Exercise instructions> An exact copy of every record below is needed, with the pictures left out.

Records shown>
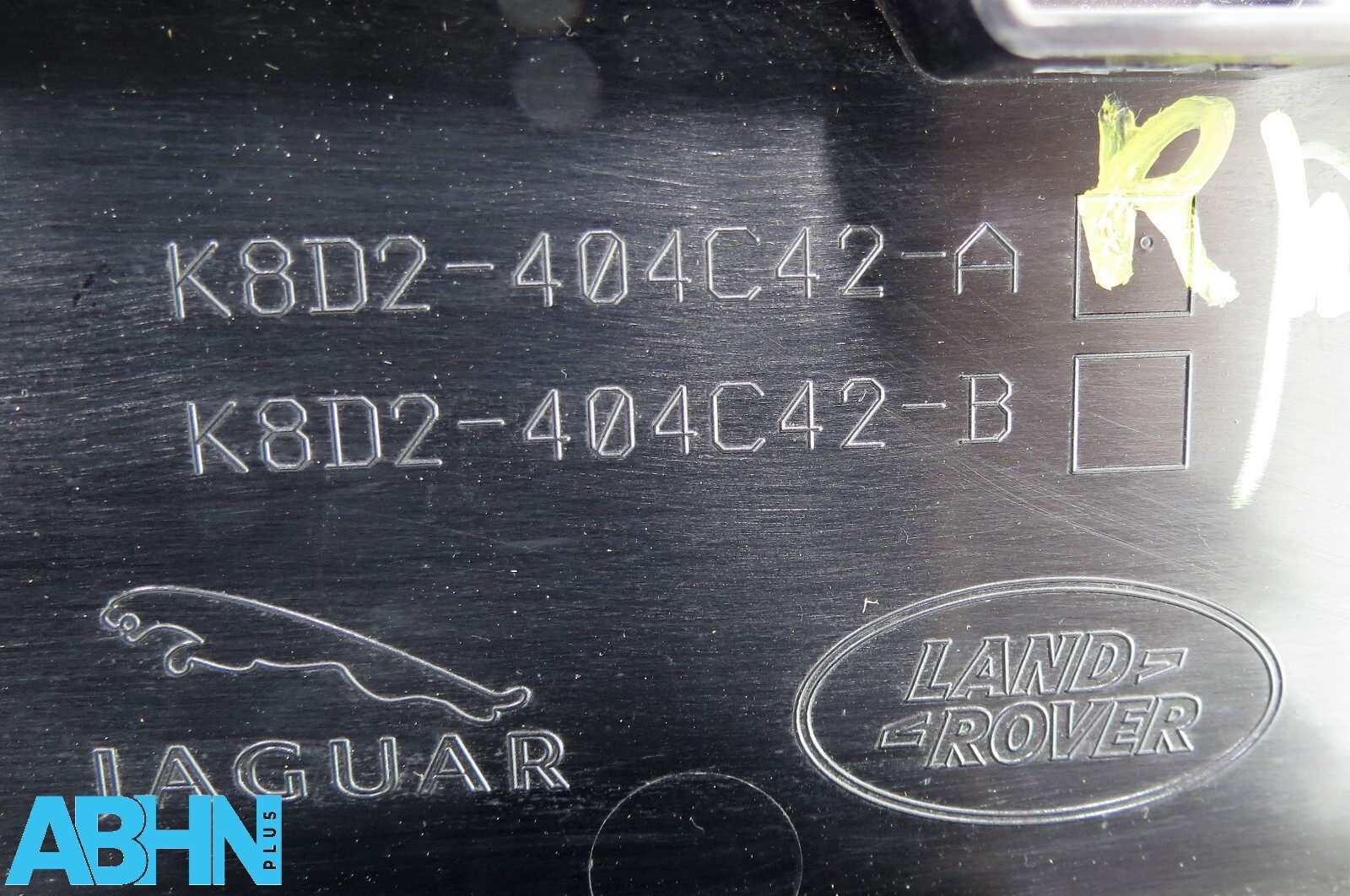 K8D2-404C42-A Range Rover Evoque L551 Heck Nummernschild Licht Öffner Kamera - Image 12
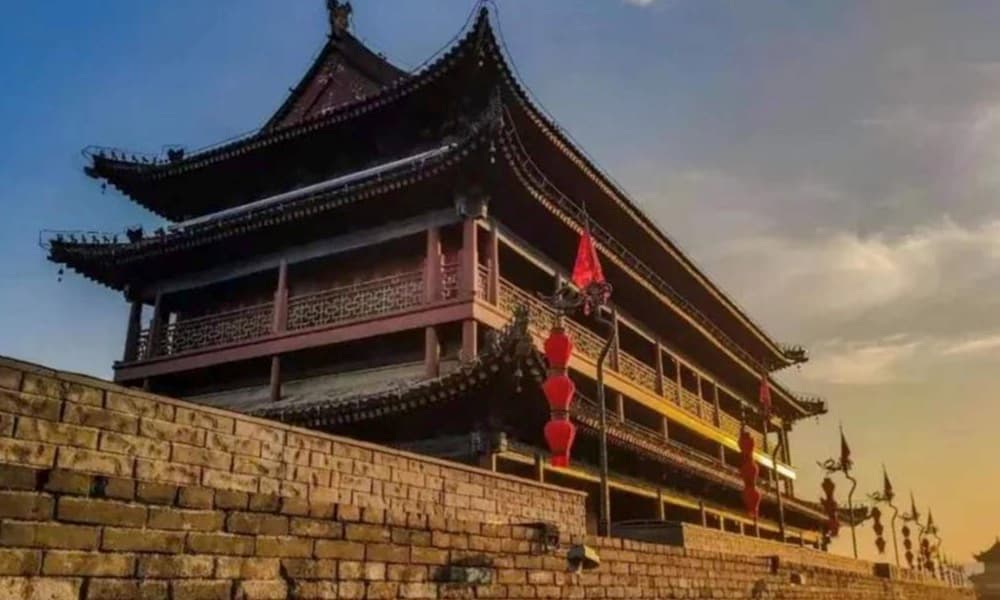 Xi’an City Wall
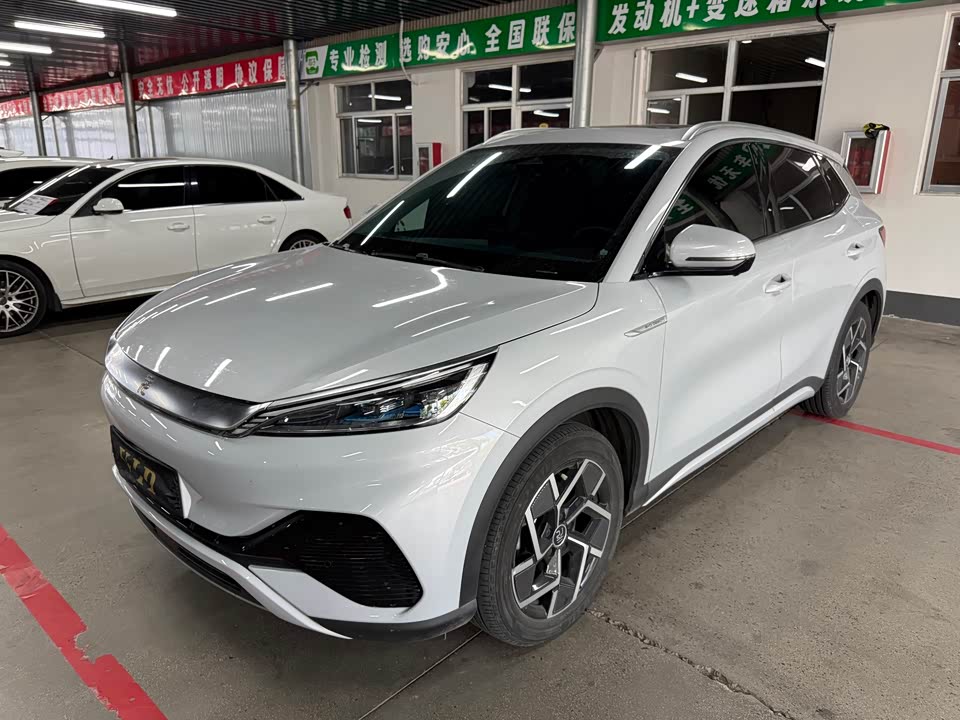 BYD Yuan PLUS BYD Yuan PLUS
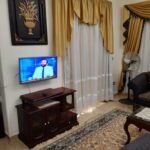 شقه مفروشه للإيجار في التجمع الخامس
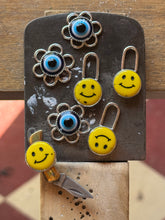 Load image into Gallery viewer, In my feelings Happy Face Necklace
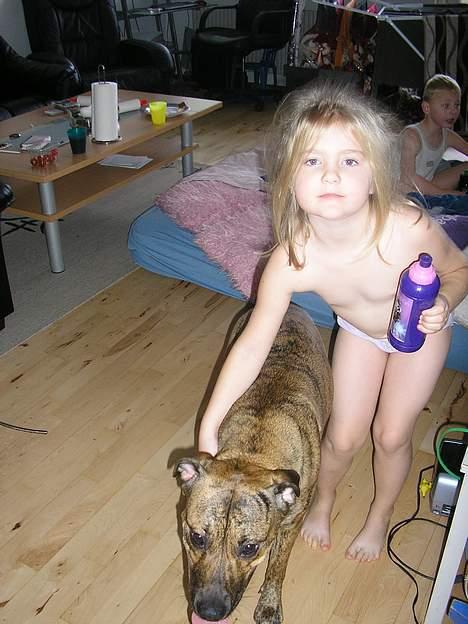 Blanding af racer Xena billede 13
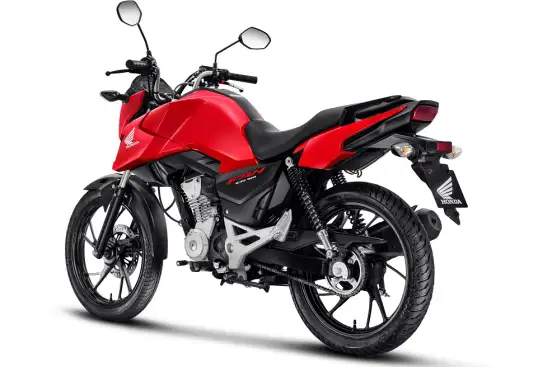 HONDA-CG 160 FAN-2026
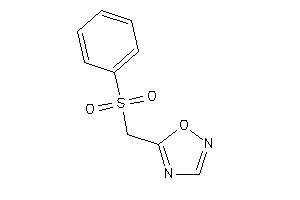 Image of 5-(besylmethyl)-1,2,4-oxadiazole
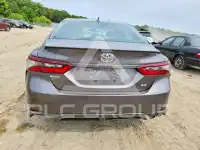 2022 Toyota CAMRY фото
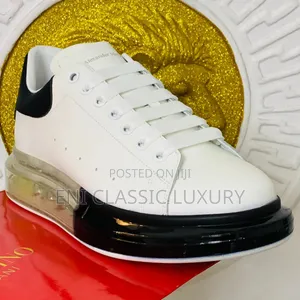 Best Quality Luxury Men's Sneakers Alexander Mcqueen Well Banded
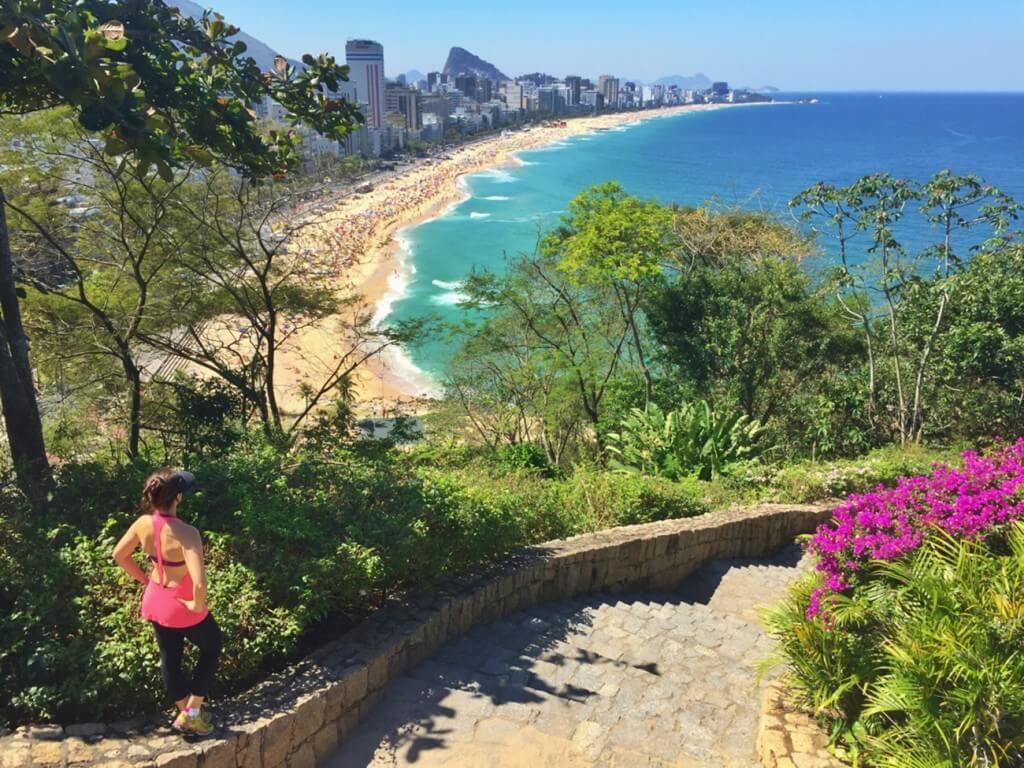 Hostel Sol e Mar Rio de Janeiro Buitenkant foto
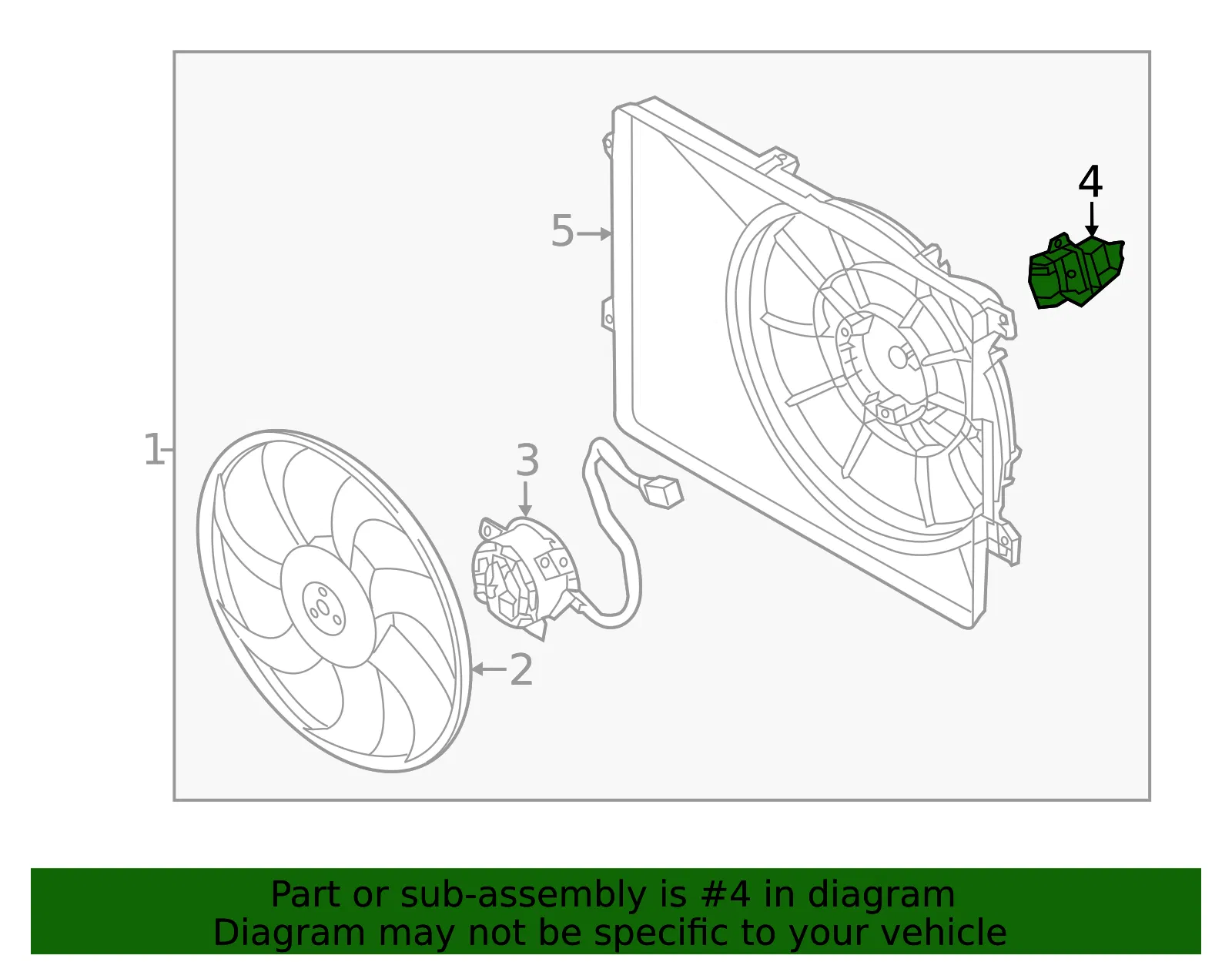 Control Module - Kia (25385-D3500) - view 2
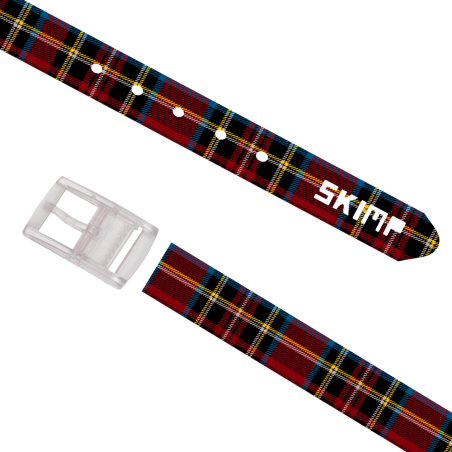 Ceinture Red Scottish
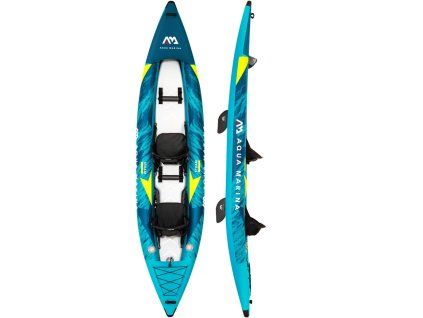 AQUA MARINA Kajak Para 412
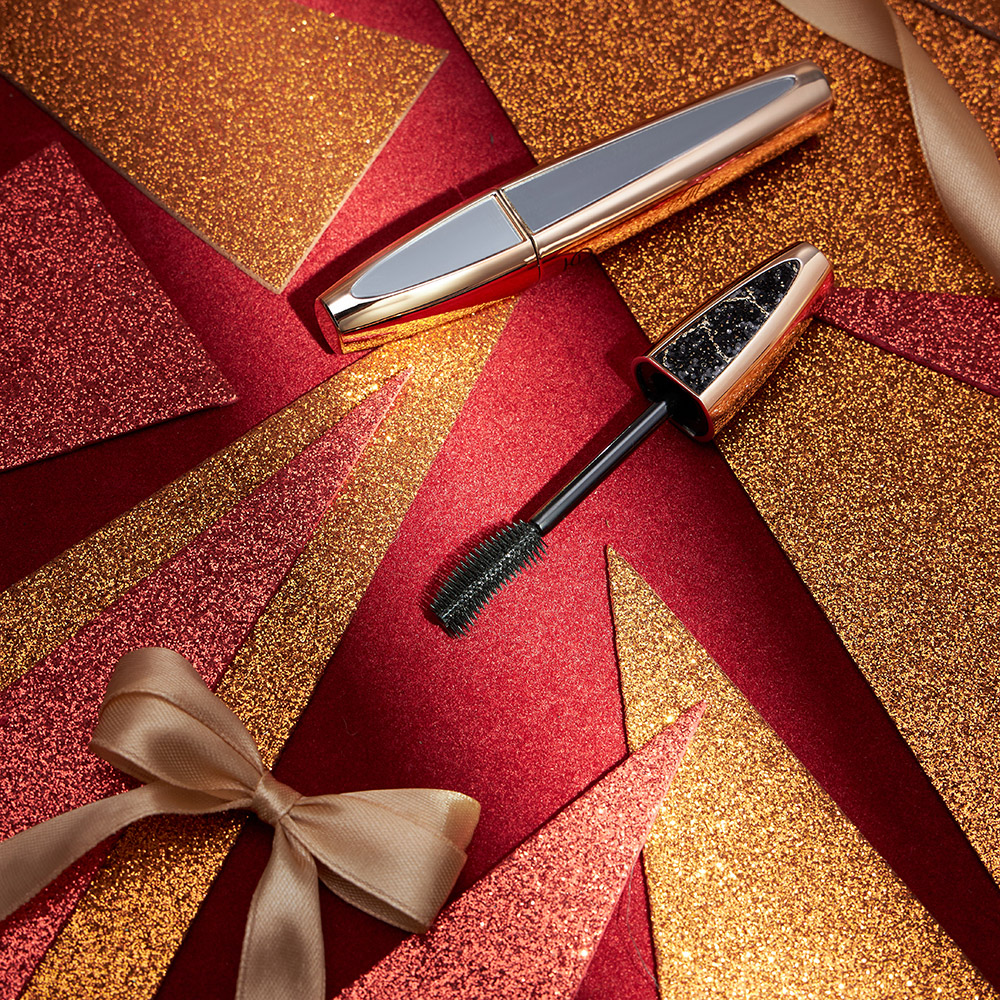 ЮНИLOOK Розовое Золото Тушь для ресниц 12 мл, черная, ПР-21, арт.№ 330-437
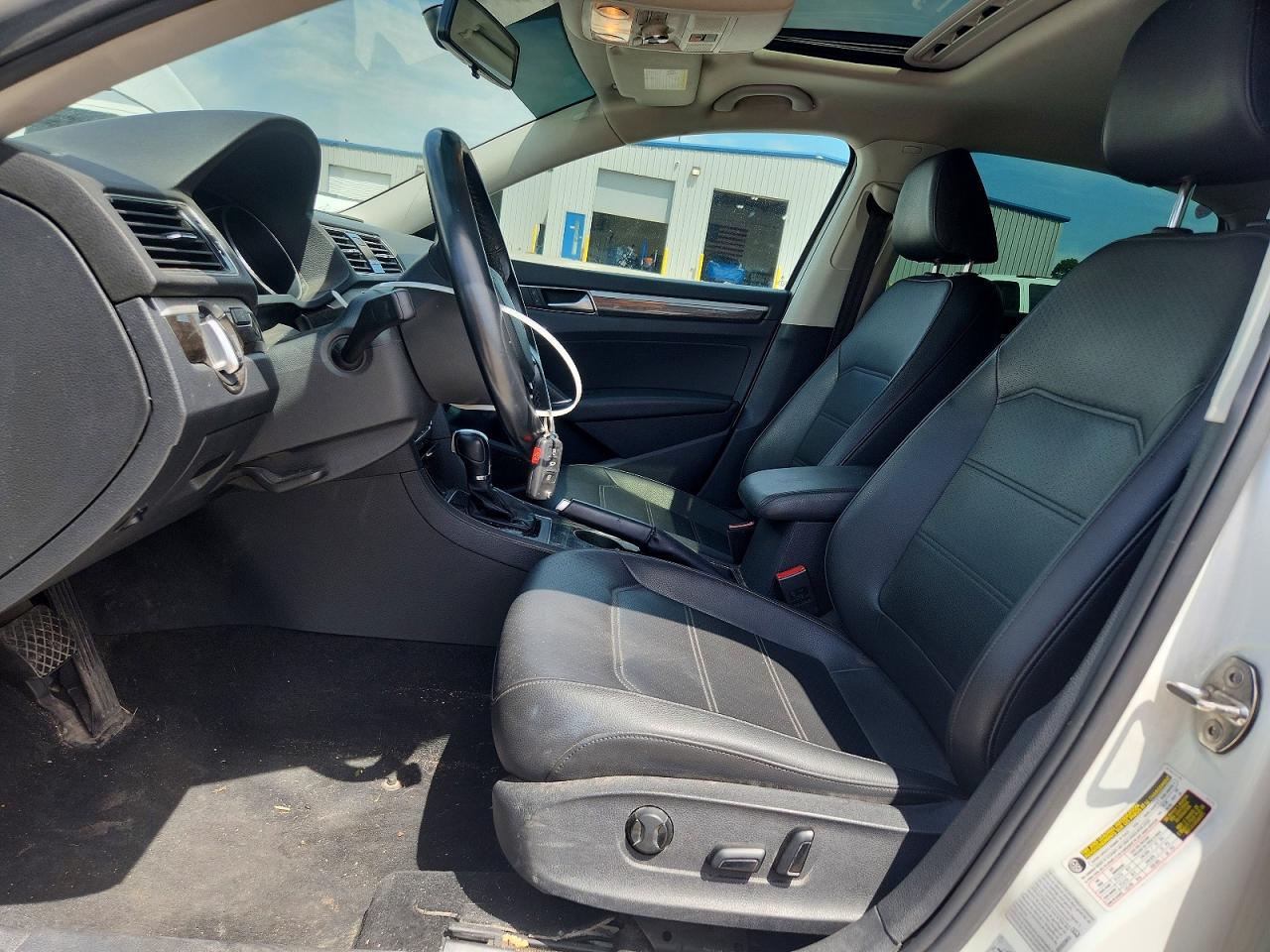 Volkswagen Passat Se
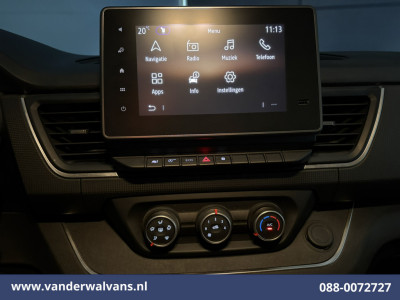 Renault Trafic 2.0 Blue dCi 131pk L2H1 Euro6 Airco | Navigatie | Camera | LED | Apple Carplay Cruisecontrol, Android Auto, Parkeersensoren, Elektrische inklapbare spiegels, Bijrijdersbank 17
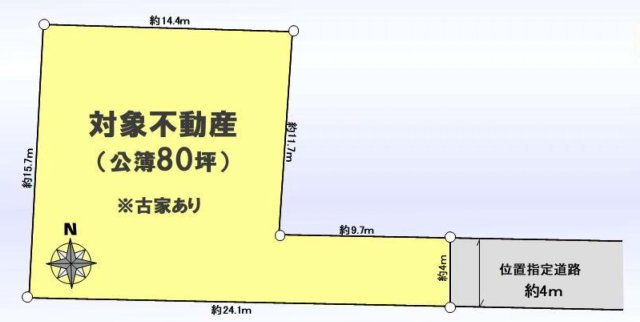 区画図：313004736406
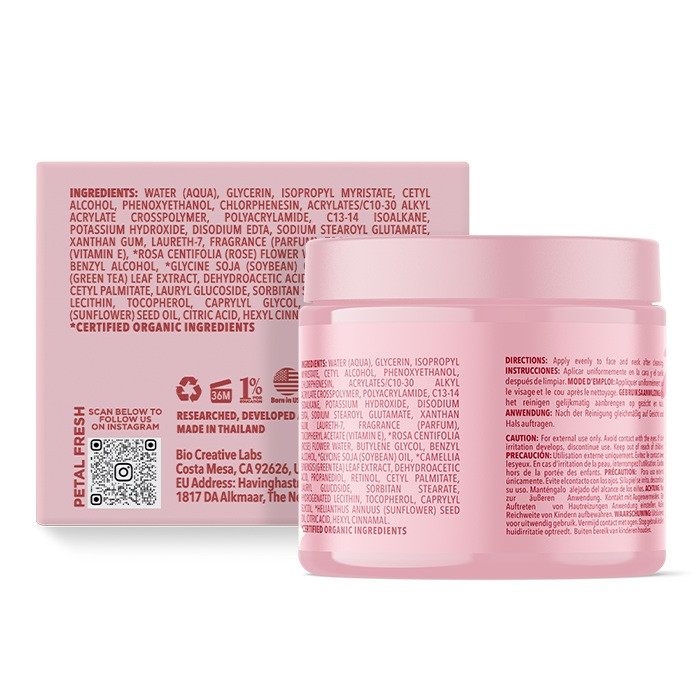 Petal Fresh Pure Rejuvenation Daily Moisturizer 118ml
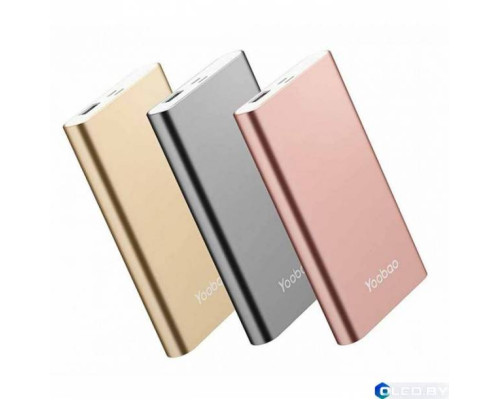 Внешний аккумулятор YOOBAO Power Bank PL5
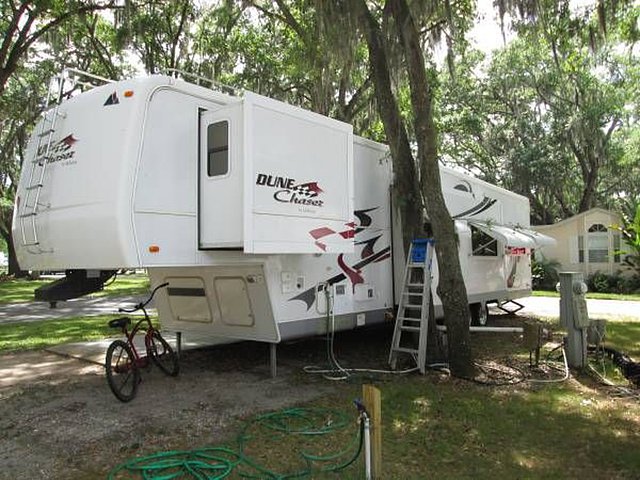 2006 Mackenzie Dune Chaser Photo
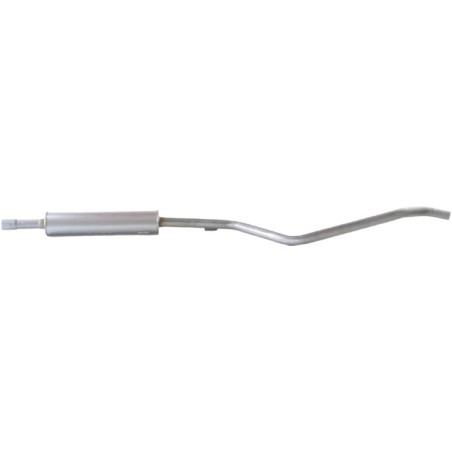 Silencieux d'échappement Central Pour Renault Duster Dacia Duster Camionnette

Exercise response>
 K8D2-404C42-A Range Rover Evoque L551 Heck Nummernschild Licht Öffner Kamera - Image 12
 Xi’an City Wall
 BYD Yuan PLUS BYD Yuan PLUS
 شقه مفروشه للإيجار في التجمع الخامس
 Load image into Gallery viewer, In my feelings Happy Face Necklace
 Blanding af racer Xena billede 13
 HONDA-CG 160 FAN-2026
 Image of 5-(besylmethyl)-1,2,4-oxadiazole
 2022 Toyota CAMRY фото
 Best Quality Luxury Men's Sneakers Alexander Mcqueen Well Banded
 Hostel Sol e Mar Rio de Janeiro Buitenkant foto
 Control Module - Kia (25385-D3500) - view 2
 Ceinture Red Scottish
 AQUA MARINA Kajak Para 412
 ЮНИLOOK Розовое Золото Тушь для ресниц 12 мл, черная, ПР-21, арт.№ 330-437
 Volkswagen Passat Se
 Renault Trafic 2.0 Blue dCi 131pk L2H1 Euro6 Airco | Navigatie | Camera | LED | Apple Carplay Cruisecontrol, Android Auto, Parkeersensoren, Elektrische inklapbare spiegels, Bijrijdersbank 17
 区画図：313004736406
 Petal Fresh Pure Rejuvenation Daily Moisturizer 118ml
 Внешний аккумулятор YOOBAO Power Bank PL5
 2006 Mackenzie Dune Chaser Photo
 Silencieux d'échappement Central Pour Renault Duster Dacia Duster Camionnette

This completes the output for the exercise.